AHDB collects levies across the UK for the horticulture, potatoes, cereals and dairy sectors. It also collects levies in England for beef, sheep and pigs – these levies are collected by Quality Meat Scotland in Scotland and Meat Promotion Wales/Hybu Cig Cymru (HCC) in Wales.
The organisation is set to lose its income from the horticulture and potatoes sectors following votes on their continuation, which resulted in the majority of growers voting to stop paying a statutory levy.
The National Sheep Association (NSA) is now calling for a “restructure in the governance of AHDB” to protect its sheep levy function in the future.
“NSA is a strong supporter of the Agriculture and Horticulture Development Board Beef and Lamb and would not want to see the end of the statutory levy in the sheep sector, however it is absolutely critical that AHDB is seen to listen to levy payers,” said NSA chief executive, Phil Stocker.
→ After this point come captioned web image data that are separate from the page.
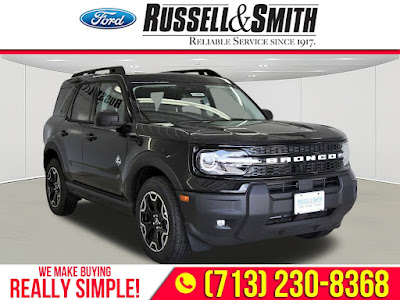 2025 Ford Bronco Sport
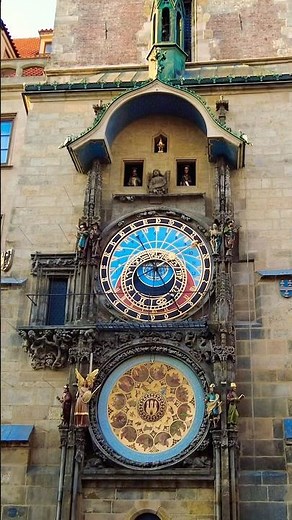 Prague Astronomical Clock | FULL SHOW 🇨🇿#prague #walkingtour
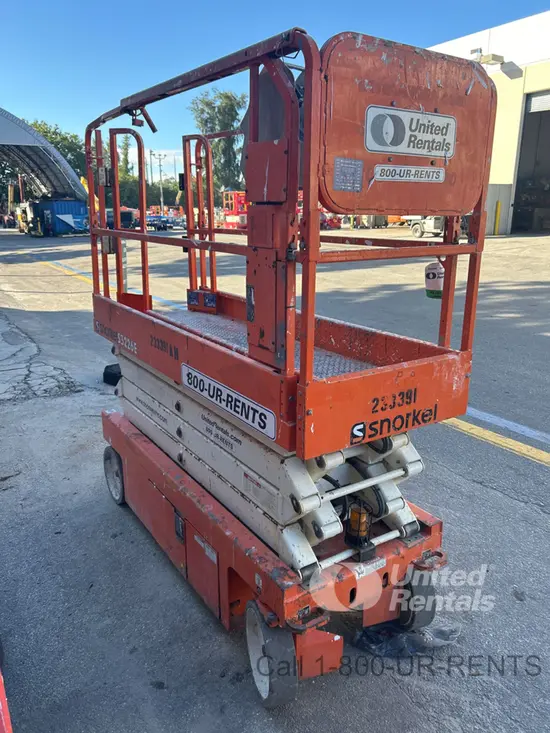 2019 Snorkel S3226E Scissor Lift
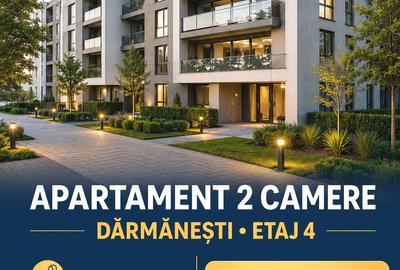 Apartament cu 2 camere circular, mobilat în Dărmănești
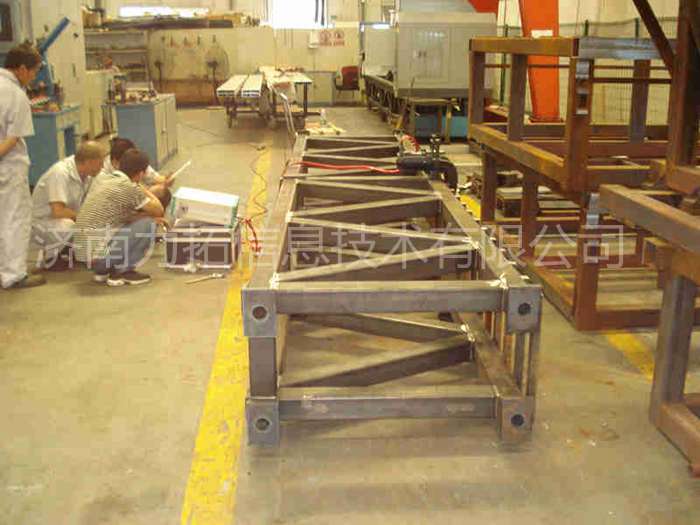 焊接构件振动时效处理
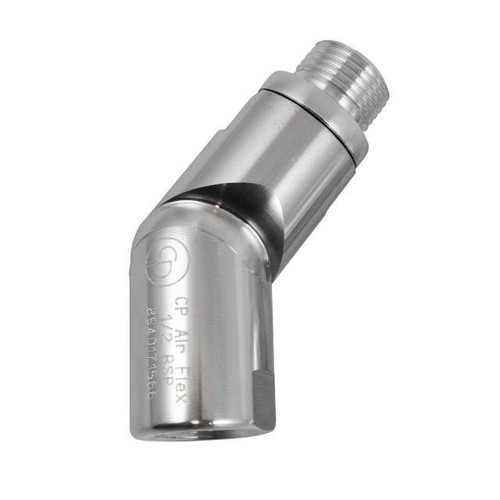 Chicago Pneumatic 8940171567 1/2" NPT Air Flex Fitting Swivel Connector | 74 CFM Max Recommended Flow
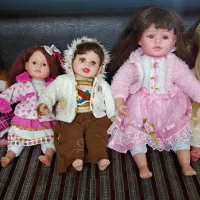 تعدادی عروسک جذاب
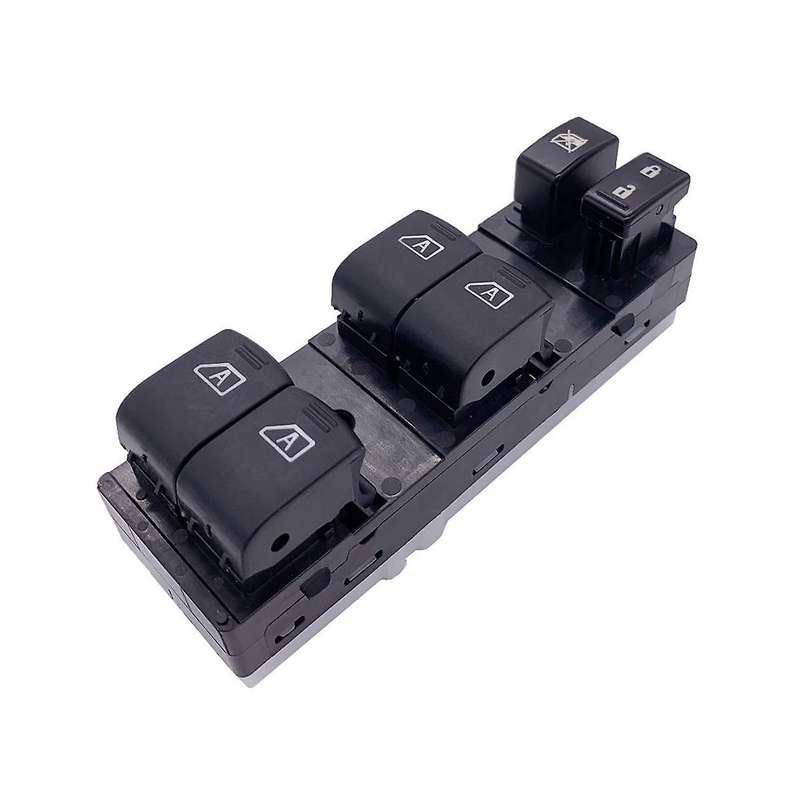 Car Front Left Power Window Master Switch Regulator Button 25401-9n00d 25401-jk42e for Q40 G25 09-1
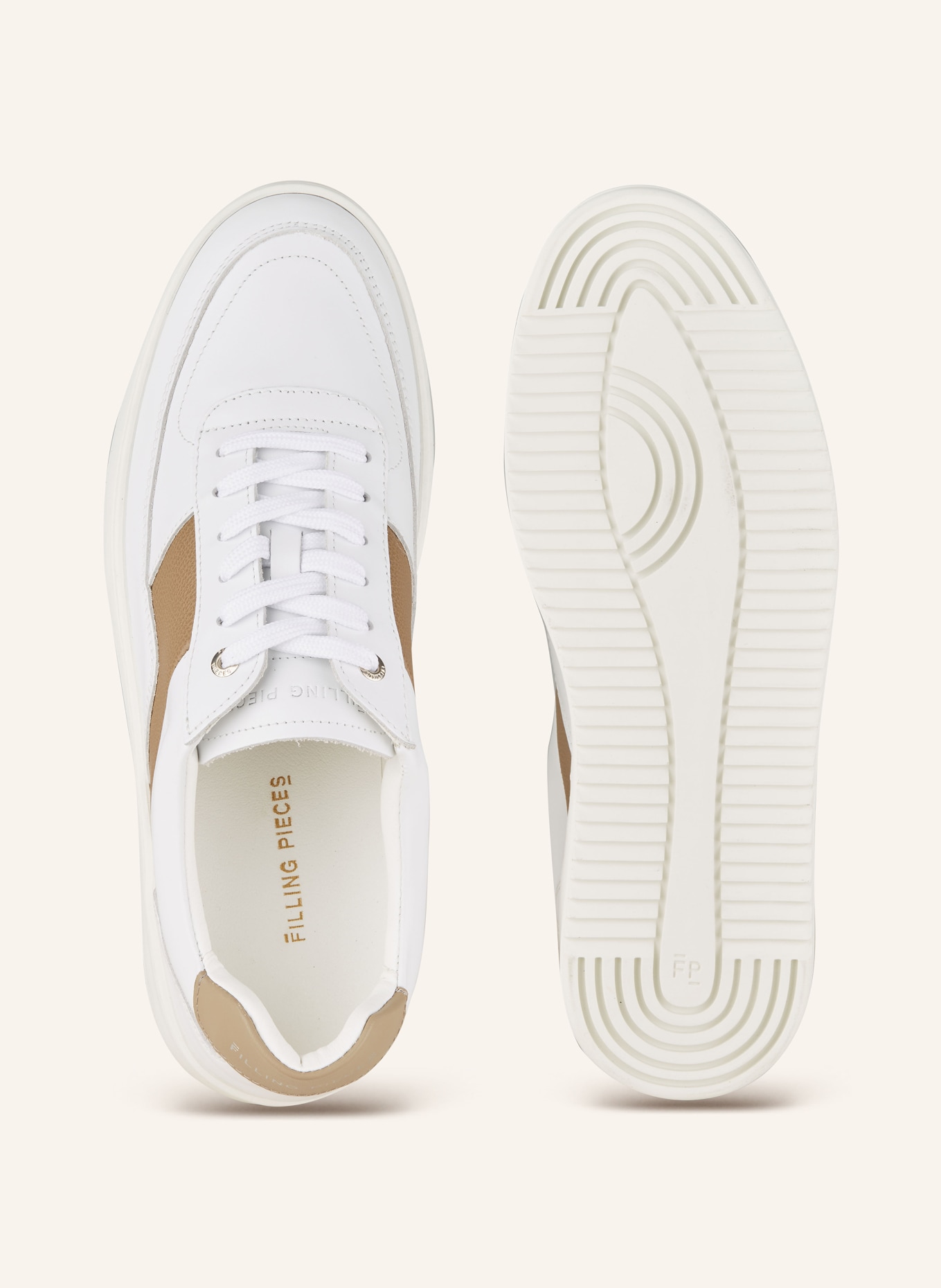 FILLING PIECES Sneakers MONDO GAME, Color: TAUPE (Image 5)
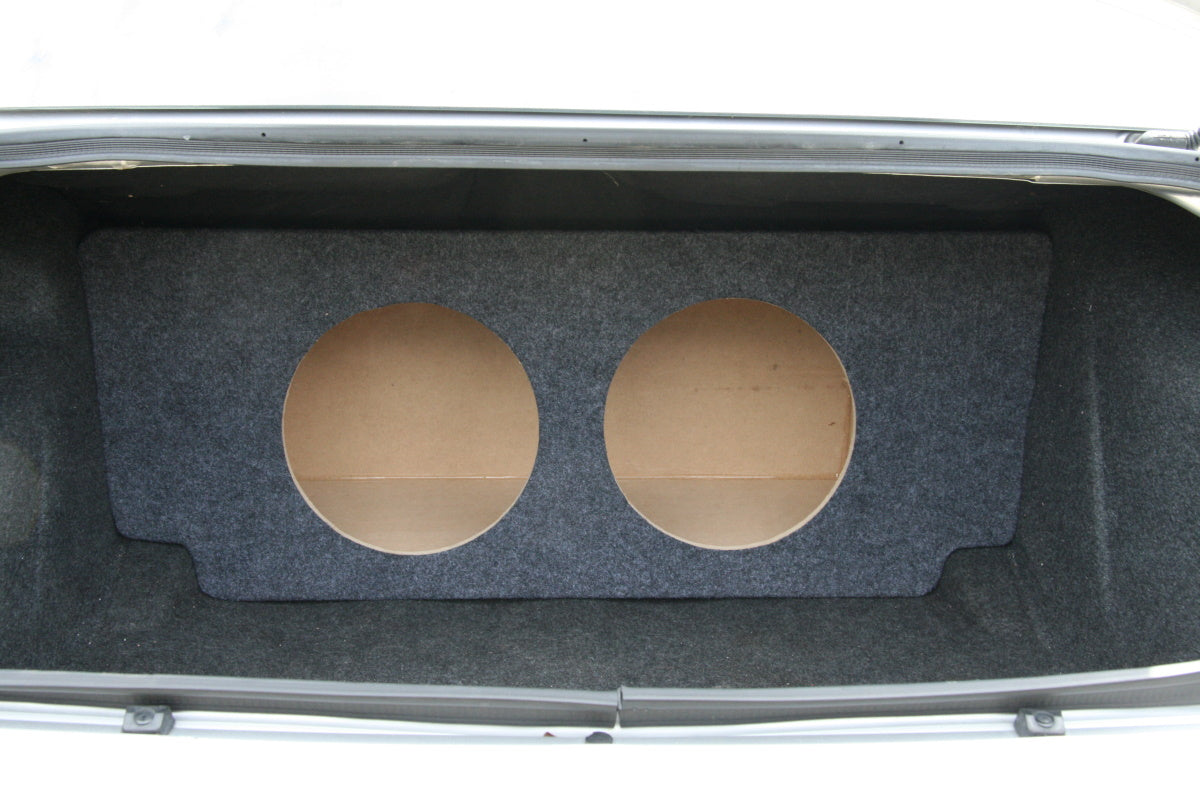 2005-2013 CHRYSLER 300, DODGE CHARGER and CHALLENGER Dual Sub Box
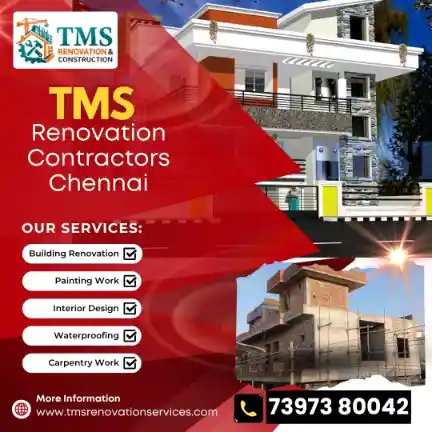 Best Renovation Contractors in Thiruvalluvar Nagar Thiruvanmiyur, Chennai – TMS Construction & Renovation Services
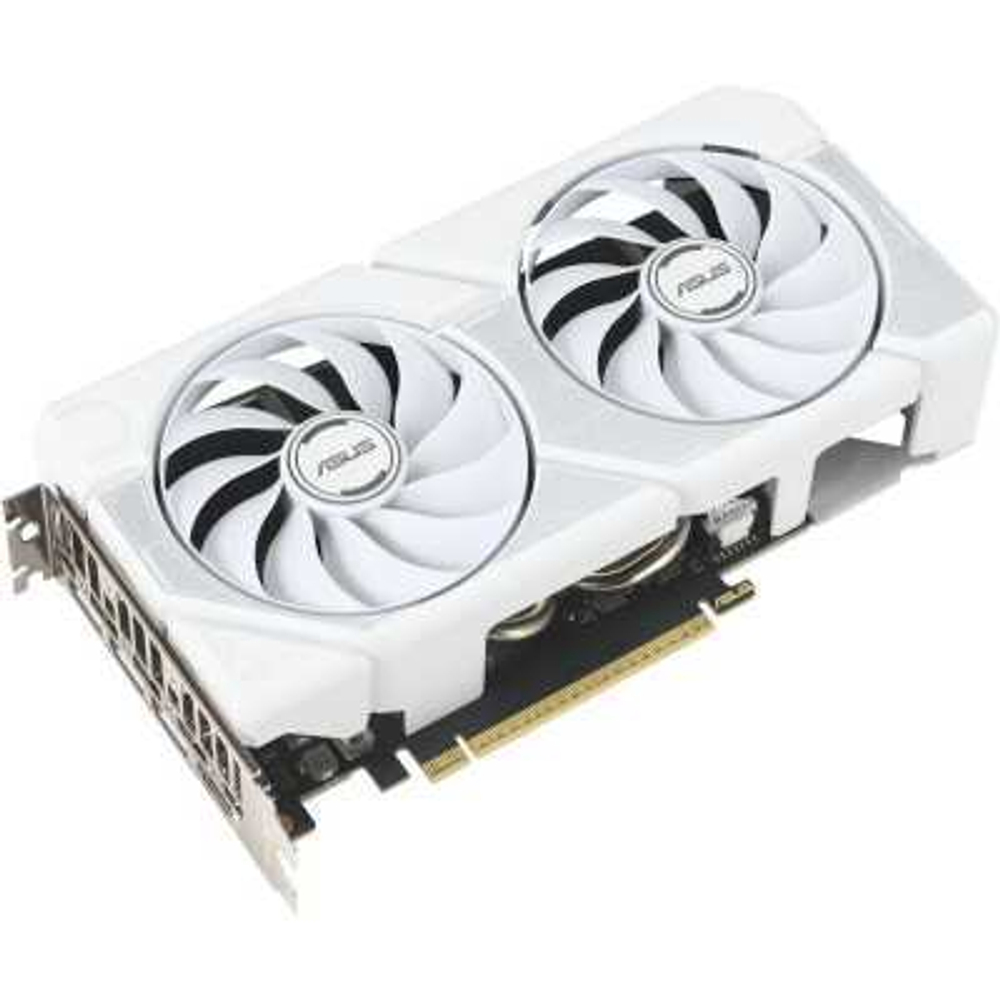 Видеокарта ASUS nVidia GeForce RTX 5060 Ti 8Gb DUAL-RTX5060TI-O8G-WHITE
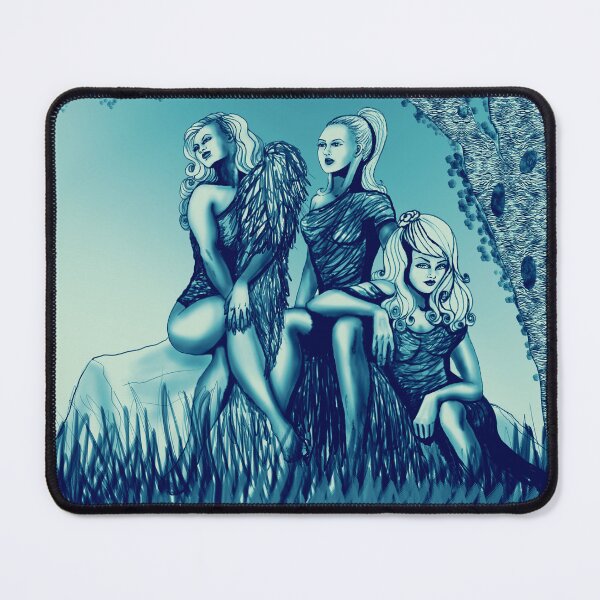 Item preview, Norns, Badass Norse Goddesses of Fate designed and sold by MsPinkDesigns.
“I would suggest that now is the time for a restructure in the governance of AHDB to ensure that the relationship and links between the customer and the service provider are as closely aligned as possible.”
He added: “When the time comes around for a ballot on the sheep levy, I do not want to see a situation where our investment in our sector is put at risk, and we need to be taking action now to ensure the majority of our levy payers feel they are being listened to and worked for.”
AHDB chief marketing and communications officer, Christine Watt, said the levy body was heartened to receive support from NSA.
She said collaborative working with levy payers was something AHDB needed to embrace and added: “We committed to this at the end of 2020 and are recruiting more levy payers to the main board, and looking to redesign future sector board structures, with the help of levy payers to be better able to face together challenges and opportunities for British farming.
“Getting farmer, processor and industry input into what work we deliver and what levy rates are needed is crucial for the future.”